Another change occurs within the inmates—they gain confidence, he says.

A 2019 study in the Journal of Offender Rehabilitation of prison horticulture programs found benefits such as “supplying the self-esteem and self-worth necessary to imagine a future shaped by the experience of giving back through meaningful work.”

a container of red lettuce

Typically, Utah master gardeners harvest more than 6,000 pounds of produce for needy seniors. Photo by Amanda Pratt.

Murphy sees inmates blossom alongside the squash. Many of the inmates are in for drug-related crimes. Working in the garden allows them to see what they can do when they are sober, he says. They also learn business skills and social skills when selling produce at the farmer’s market downtown or distributing produce at senior centers. The inmates are proud of what they sell. When they instruct a senior on a new vegetable to try and way to cook it, they see they have knowledge they can share, Murphy says. “They realize their potential.”

A traditional Extension program model establishes programs that are sustainable.

But that takes time to refine. The process involves trust-building and foundation laying. And that can take years.

“You do these programs and then you step back and you hope that they do good things,” Wagner says.

The original jail horticulture program was paused after two seasons because of the 2008 economic recession. When funding stabilized, jail personnel contacted Wagner for help restarting the program. She prepped the soil, conducted trainings, and over a few years taught gardening to dozens of inmates.

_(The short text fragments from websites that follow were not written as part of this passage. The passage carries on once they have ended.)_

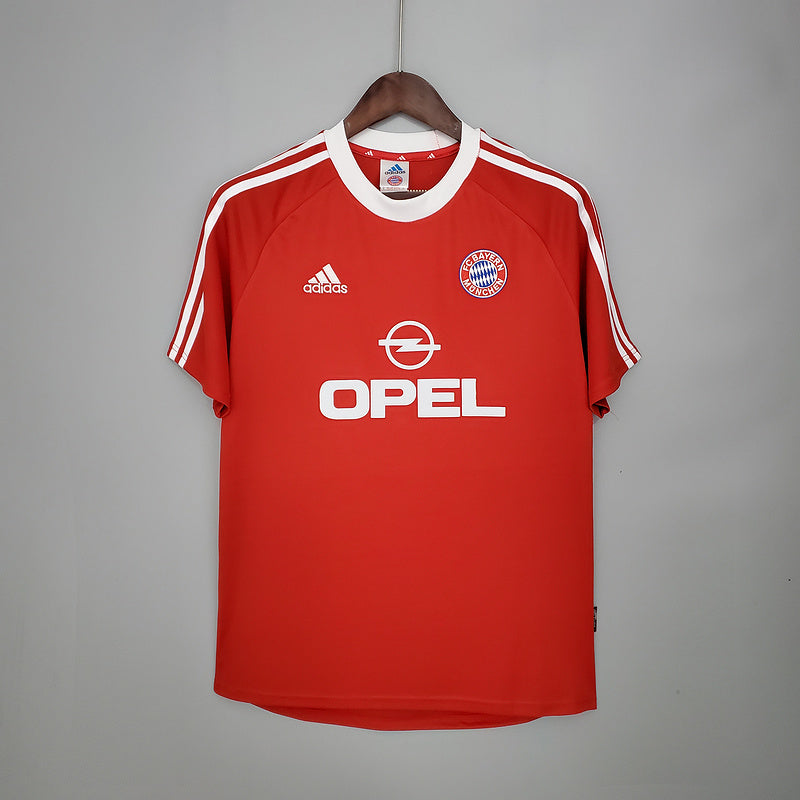 2000-2001 Bayern Munich retro shirt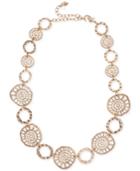 Lonna & Lilly Gold-tone Coin Collar Necklace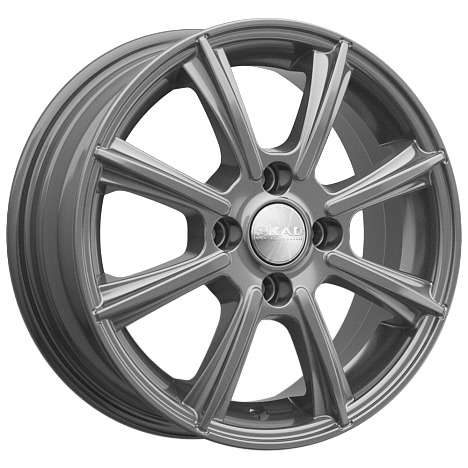 МОНАКО (КЛ185) 5.500xR14 4x100 DIA54.1 ET46 графит МОНАКО (КЛ185) 5.500xR14 4x100 DIA54.1 ET46 графит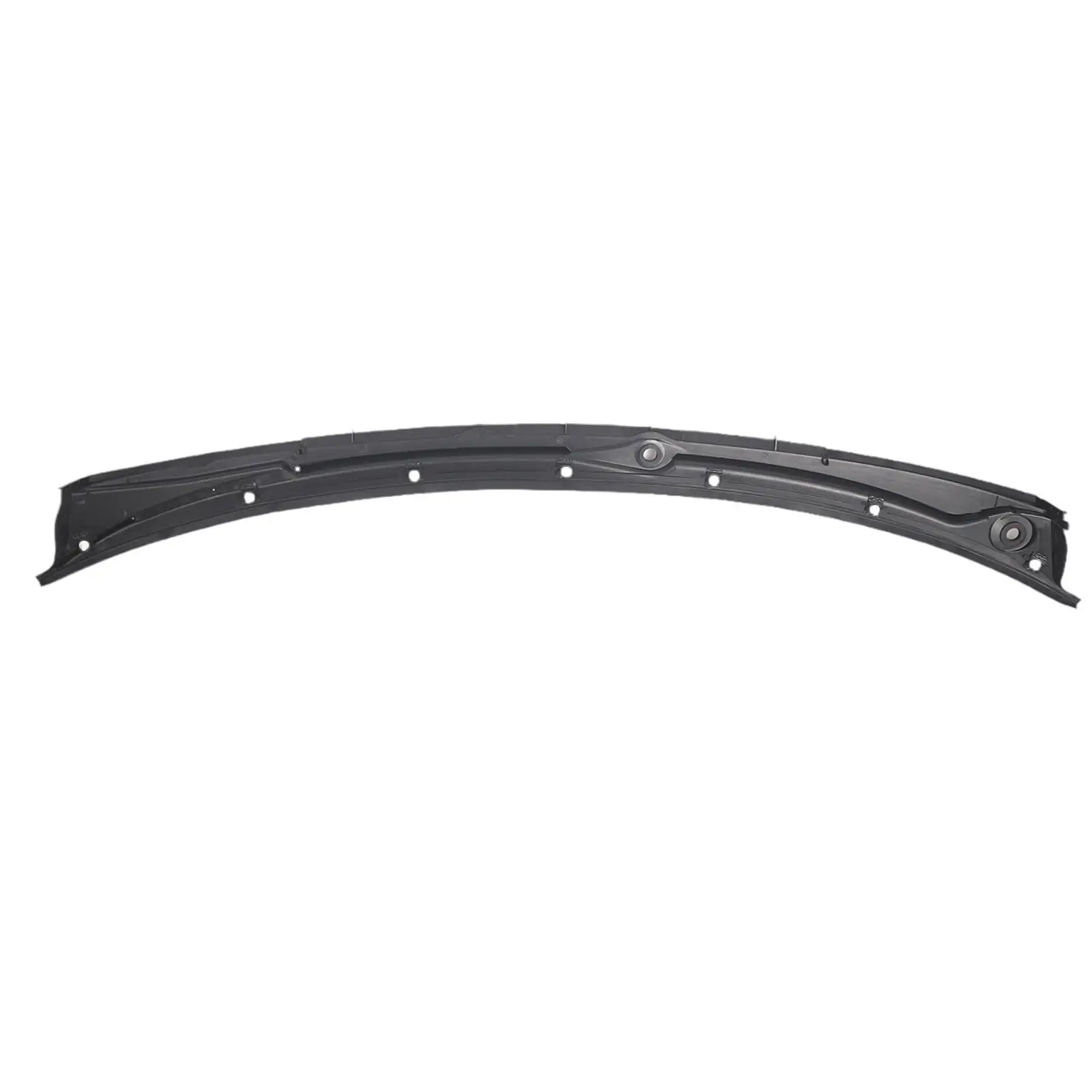 Windshield Wiper Cowl Windshield Panel Black Molding Trim Strips Easy to Install Windshield Cowl Seal Strip for M3 330Xi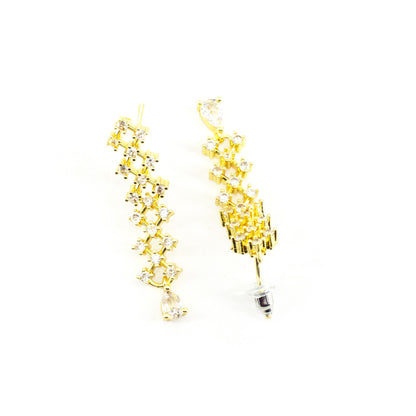 Gold Plated Minimal Jewellery Set for Women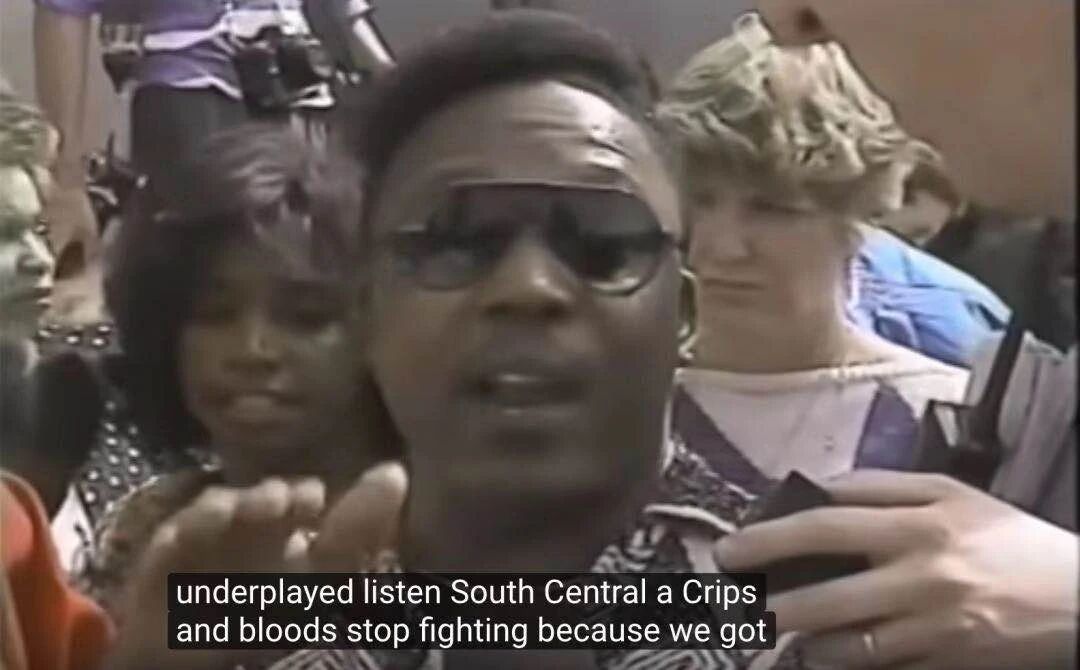 称霸洛杉矶的黑哥，为什么不敢招惹当地卖泡菜的韩国人？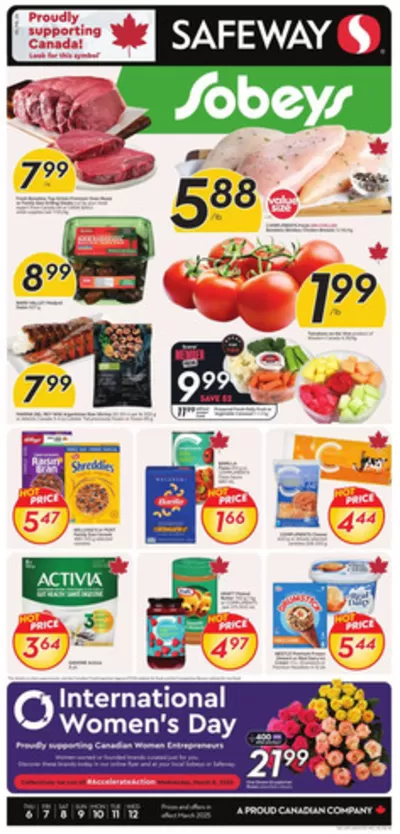 Safeway catalogue in Banff | Current deals and offers | 2025-03-06 - 2025-03-12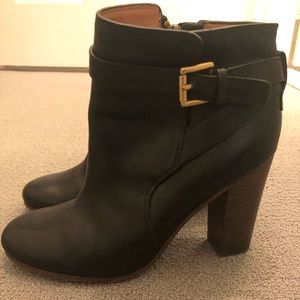 Coach Bootie size 7.5 color black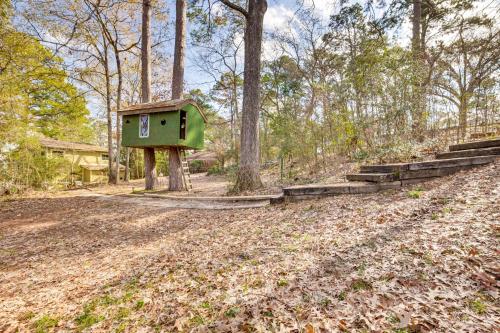 A-Frame Escape with Dock, Ramp, and Lake Views!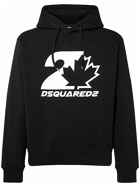 DSQUARED2 - Printed Cotton Jersey Hoodie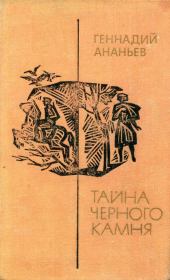 Книга - Тайна черного камня.  Геннадий Андреевич Ананьев  - прочитать полностью в библиотеке КнигаГо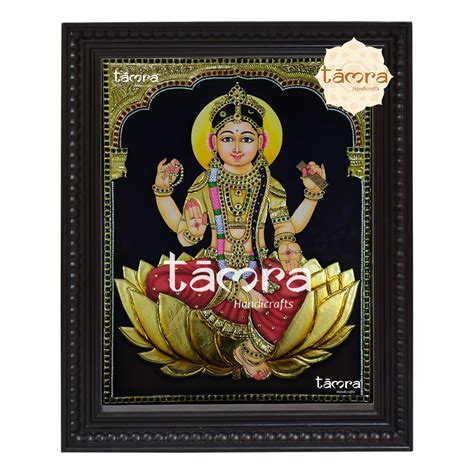 Buy Bala Tripura Sundari Tanjore Painting From Tamra Handicrafts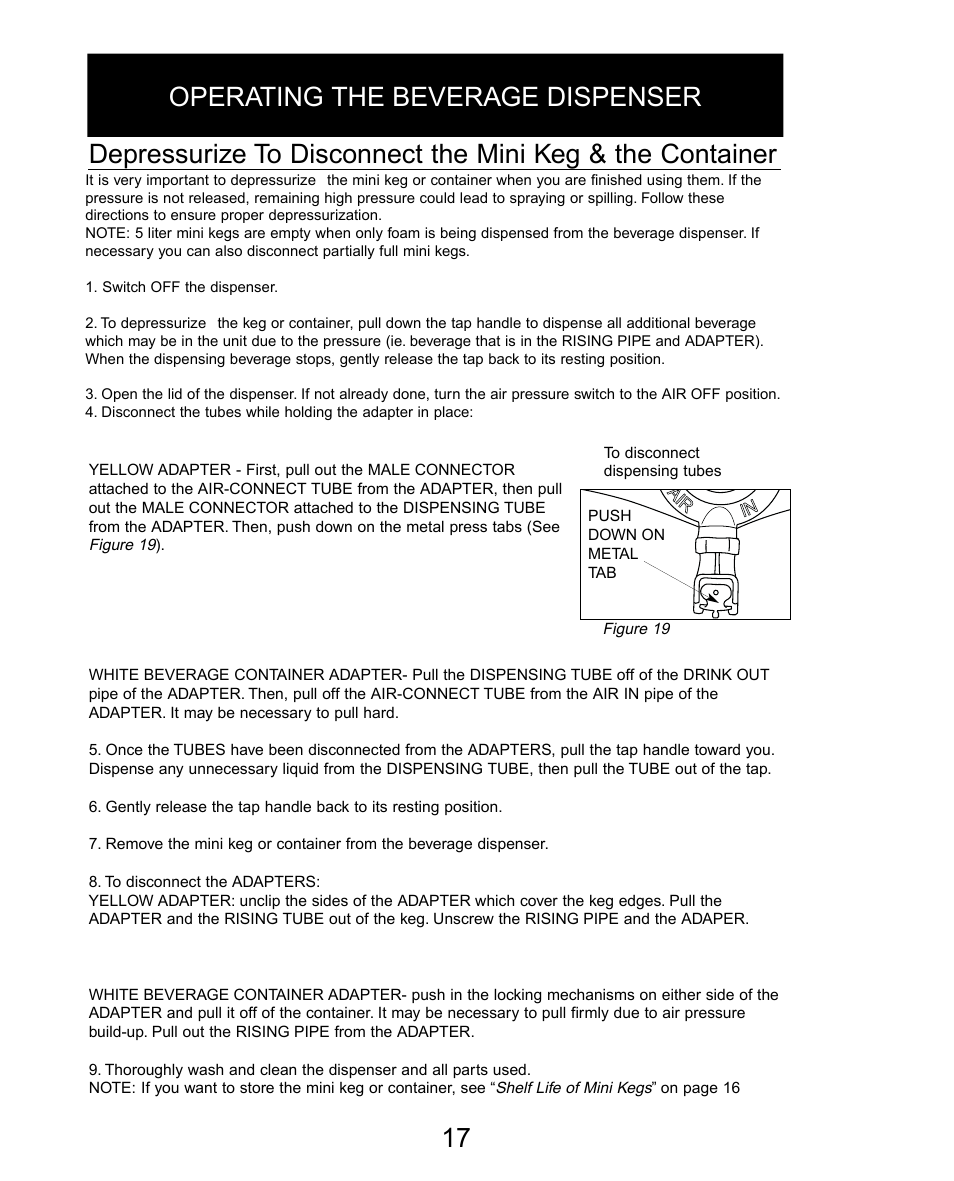 Danby DBD5L User Manual | Page 17 / 22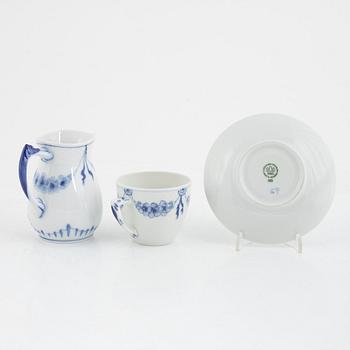 Coffee service, porcelain 24 pieces, "Empire" Bing & Grøndahl.
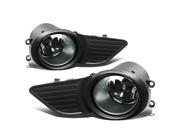 For 11 14 Toyota Sienna Driving Bumper Fog Light Bulbs Switch Smoke Lens 3rd Generation XL30 12 13
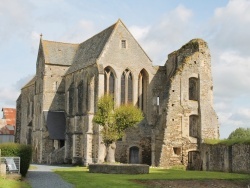 Photo paysage et monuments, Cerisy-la-Forêt - Abbaye Saint Vigor
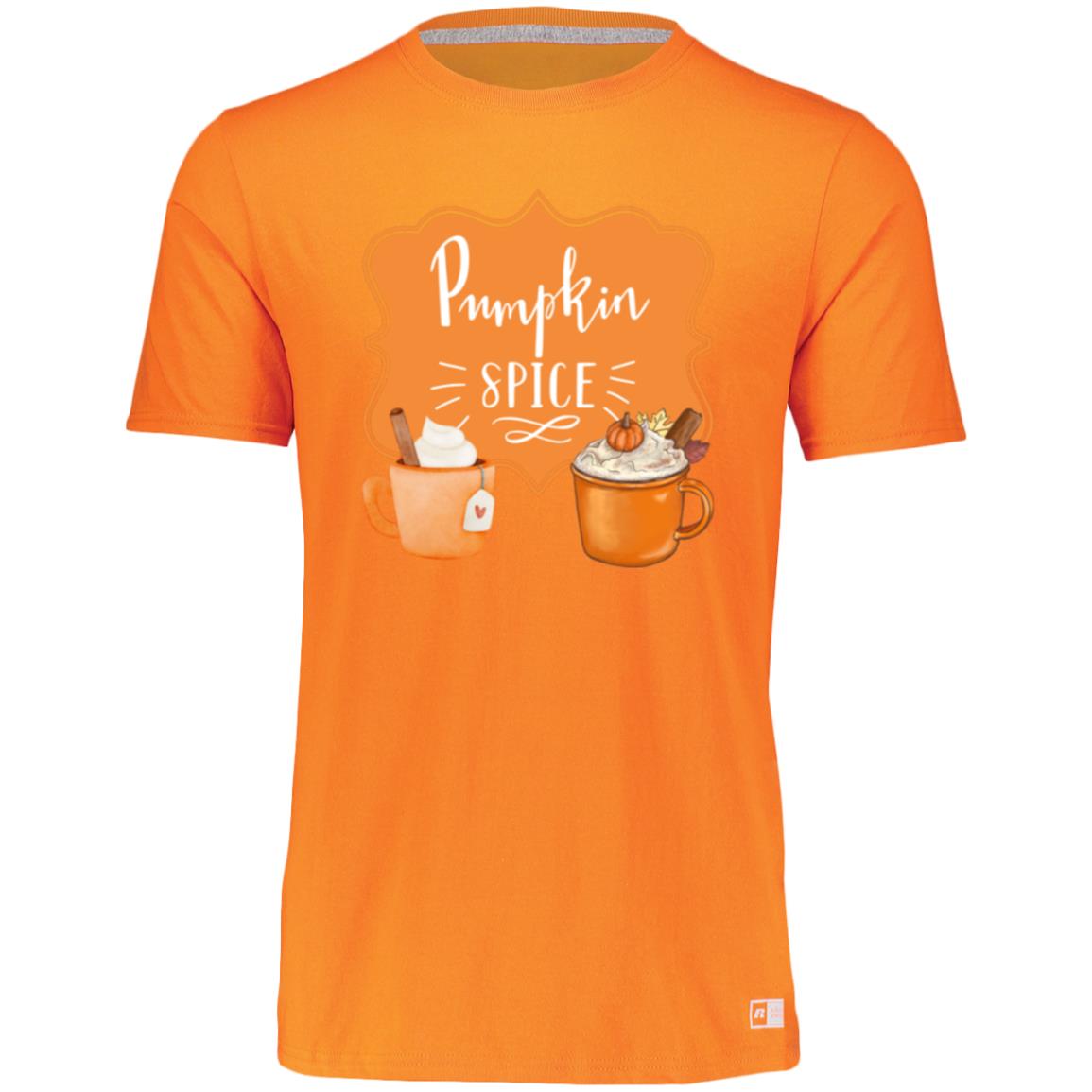 Pumpkin Spice Latte Orange -- CLOSEOUT -- Essential Dri-Power Tee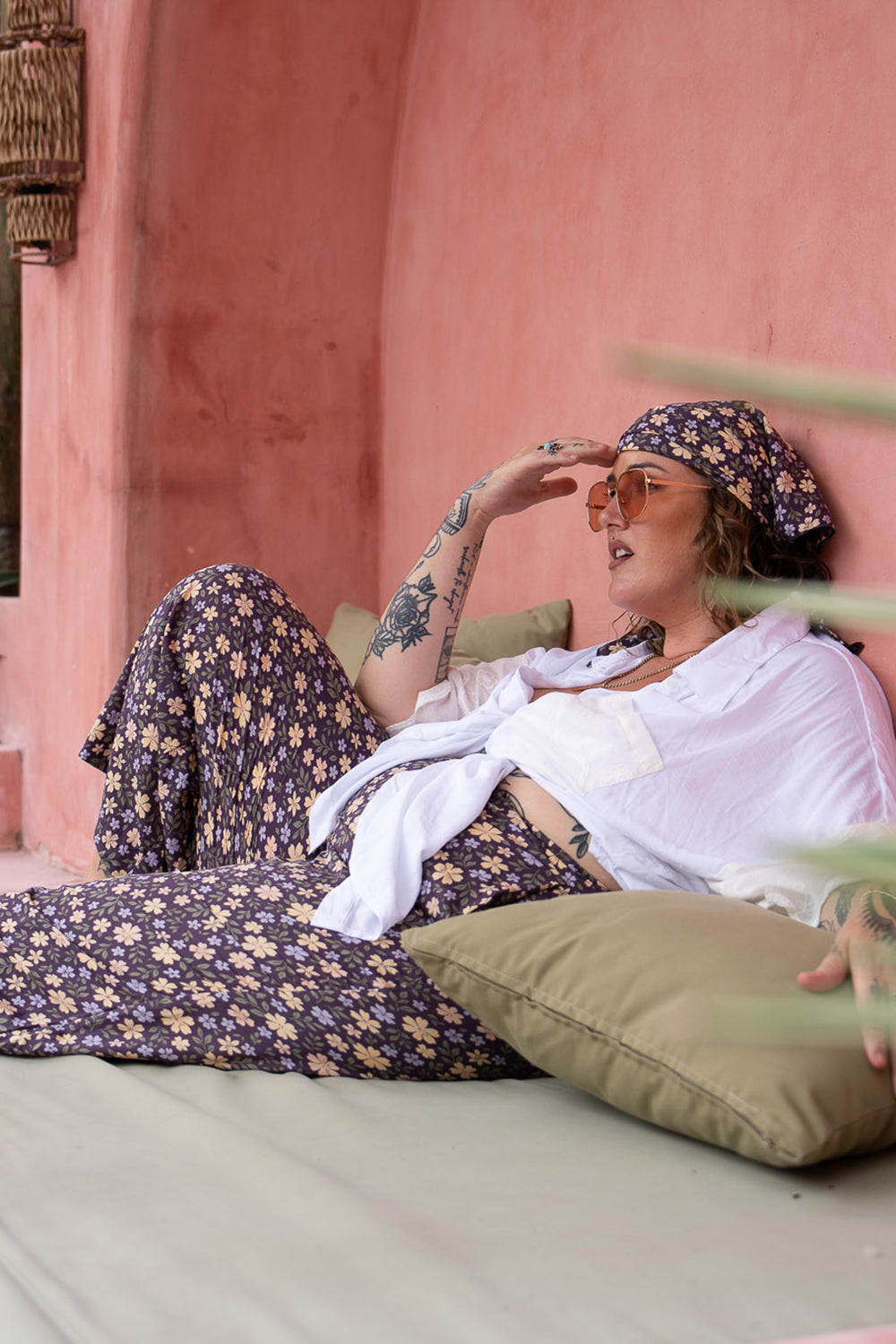 Gilmore Blouse - White - Almost Famous by Jinx the Label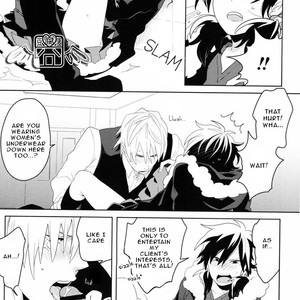 [World Box] Secret Room – Durarara dj [Eng] – Gay Manga sex 7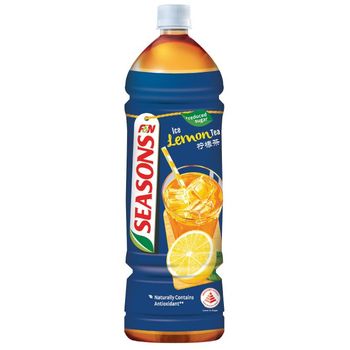 F&N Seasons Ice Lemon Tea - Carton 12 x 1.5L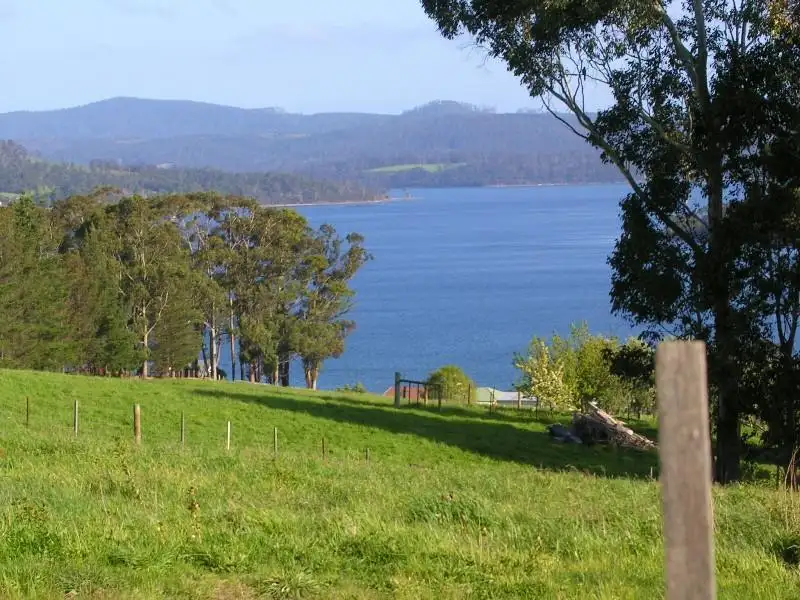 Main view of Homely land listing, Palmers Road, Port Huon TAS 7116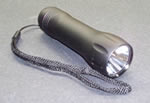 660nM Red LED Flashlight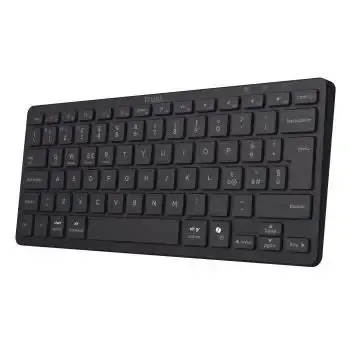 Trust Tastiera Bluetooth 26195 NADO II MULTIDEVICE - Black Sconto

These days, Murphy is the horticulturalist on site. He maintains a crew of about 16 inmates that manage four acres for produce. Each year, they generate about 20,000 pounds that is donated to senior centers, area food banks, or sold at the downtown farmer’s market. Any profits keep the program running.

a woman wearing a surgical mask and gloves hands produce to a woman in a car

Over the years, master gardener Sharon Roper has studied the preferences of the various Salt Lake City senior centers to learn which produce to distribute on site so that less food goes to waste. Photo by Amanda Pratt.

In January, Murphy sowed seeds in the greenhouses like he normally does. By May, COVID-19 had thrown uncertainty into the operation and Wagner was still working out how to get produce into the hands of more needy seniors with a reduced labor force. But she was confident the program could leverage its connections tendrilled into the community.

“I just feel like this is the year,” Wagner pauses, “maybe this is why we’ve doing this program all along.”

Weeks later, on a sunny June day, the first drive through market was held at Kearns Senior Center. About 125 seniors returned home with bags of lettuce, mini broccoli, cabbage, red leaved spinach, peas, and herbs.

“My gut feeling is the need is huge,” Wagner says. “We have at least figured out how to get produce to a portion.”